My four children were all homeschooled, which means that they hear, as adults, sentences like this a lot:
“Oh, you must have been homeschooled. You’re such an overachiever.”
“You try too hard. You must have been homeschooled.”
“Why are you always asking questions? You must have been homeschooled.”
Having gone through public school myself, I can attest that you don’t have to be homeschooled to be weird in today’s society, you just have to value things like finishing the job, working hard, thinking independently, and setting goals. There are plenty of children in public and private schools, whose parents are valiantly trying to instill these values, who are regularly attacked for being different.
We live in a society where a lot of people are forced into cubicles — like
rats — or struggle to make ends meet in a “service economy” (and anybody working in “service” knows that you spend a lot of time and effort not retorting when a customer or a client or a middle manager says something well worth retorting to), so it is important to the controlling business and political echelons that our populace is educated into a sense of conformity, acceptance of leadership, and an unwillingness to step out of line.
And sadly, the place where we proudly talk about being sheep — our churches and religious establishments — is where we really need to be more like goats — not quite so obedient, submissive, tractable, and compliant.
Lest I sound like some anarchist revolutionary, let’s remember the Great Shepherd whom we follow — Jesus — and observe that, while He was incredibly popular among normal, ordinary people, He didn’t get along especially well with the leadership sect. If you are an independently thinking Christian who reads the Bible for yourself and talks to God a lot, you may find that you don’t play well in groups, and before you start believing people when they tell you that you’re difficult, confrontational, unwilling to be taught, uncooperative, and not a team player, ask yourself:
Am I so very, very bad?
Is it wrong to ask questions about things that don’t make sense?
And if the answers don’t satisfy, should I just shut up?
Did Jesus ever use the term, “team player”?
Years ago, we found ourselves returning from church, bedraggled and bemused, always vaguely depressed but convinced that it had something to do with us somehow. Even when we realized that we weren’t the problem we continued to overstay our welcome, and it wasn’t until our six-month sabbatical from church attendance turned into several years, that we finally realized that we were homeschoolers, only from church.
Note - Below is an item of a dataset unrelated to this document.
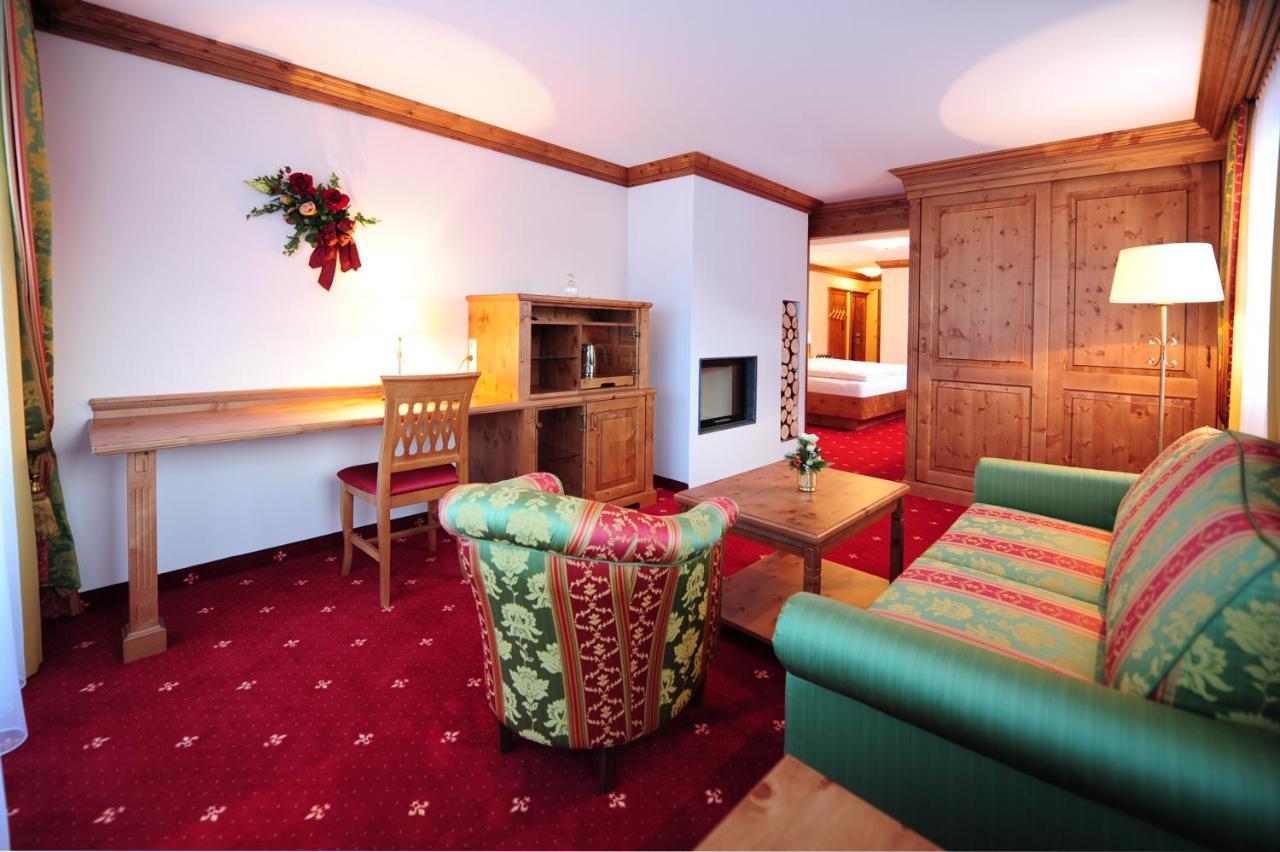 Hotel Max Зерфаус Екстериор снимка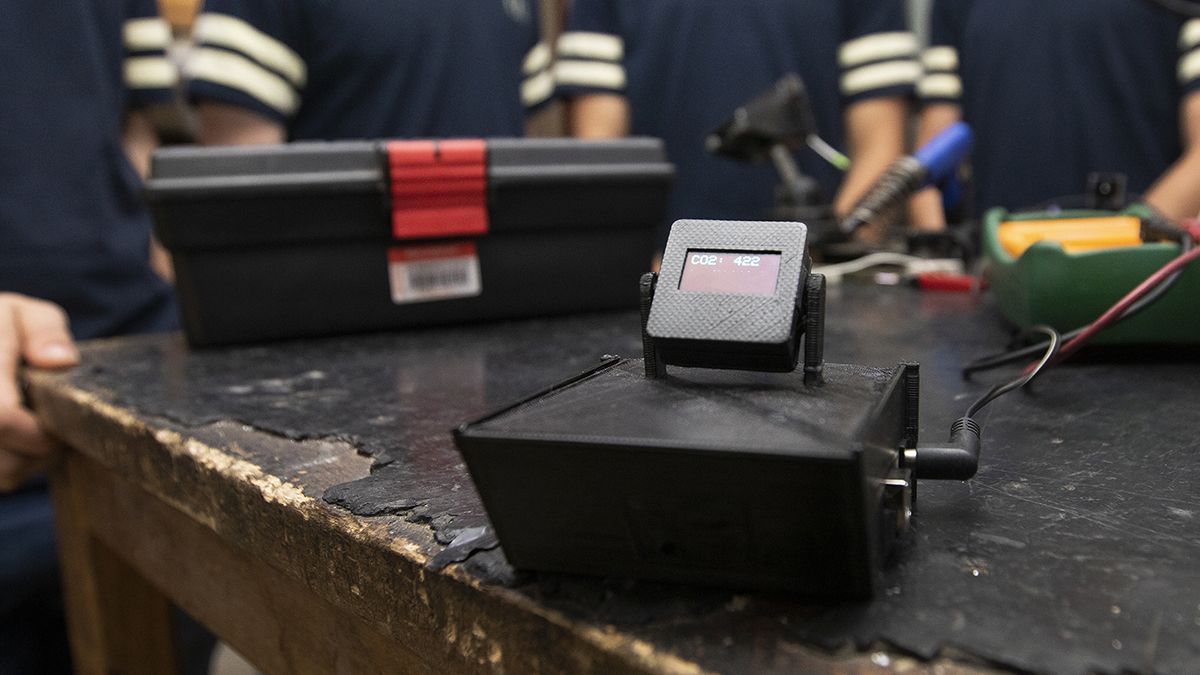 El dispositivo tecnológico que mide la concentración de dióxido de carbono.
You may or may not still be attending regular church services — that isn’t the issue. What is the issue is that — no matter where you spend your Sunday mornings, Wednesday nights, and Saturday afternoons, you are a vibrantly thinking, active Christian — well read, conversant in many matters, willing to listen, free to agree or disagree, and not cowed by peer pressure, whether it comes from the office, the pews, the pulpit, the television set, or the Internet.
Your leader is Christ, and anything anybody else tells you to do or believe is filtered through the words of the one Voice that matters.
Despite conventional wisdom to the contrary, thinking Christians are essential to civilization, because as children of the Creator, we are in close alliance with most knowledgeable, intelligent, powerful — and loving — Person in the universe, and by learning from Him, we pass on good things to society around us.
But we can’t learn from Him if we depend upon others to do the learning for us.